Relatórios recentes da MIDiA Research sobre music discovery (Q4 2024 e 2025) reforçam essa mudança de paradigma. Entre jovens de 16 a 24 anos, o TikTok e os vídeos curtos se tornaram os principais canais de descoberta musical, superando playlists e rádios digitais. A forma de descobrir mudou e, com ela, o que se entende como pertencimento cultural. Para que a arte não se esvazie nesse processo, o cruzamento entre o digital e o real precisa ser estratégico e intencional: levar a ópera para as linguagens do vídeo curto e das estéticas pop, mas também levar novos formatos de experiência digital — novos olhares — para dentro dos teatros.

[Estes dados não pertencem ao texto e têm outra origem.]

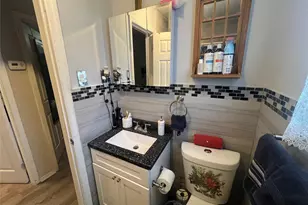 107-27 172nd St, Jamaica, NY 11433 - Photo 22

Entre o teatro e o feed, os dados mostram que a renovação de público do Theatro Municipal é real, ainda que desigual entre as gerações. A Z se aproxima pela estética, pelos bastidores e pelo compartilhamento, mais do que pela partitura. A ópera, portanto, não está sendo reinventada apenas no palco, mas na forma como é vista, registrada e distribuída.
Se esse movimento representa um novo ciclo de público ou um pico de atenção efêmero, só o tempo dirá. O que parece certo é que a “nova ópera”, e também o consumo de música clássica no geral, não está apenas na partitura, mas no modo como o público a experimenta. Seja com a criatividade de cocriar com Beethoven em um corte do cotidiano ou na curiosidade de perceber elementos digitais familiares aos olhos na adaptação de um clássico.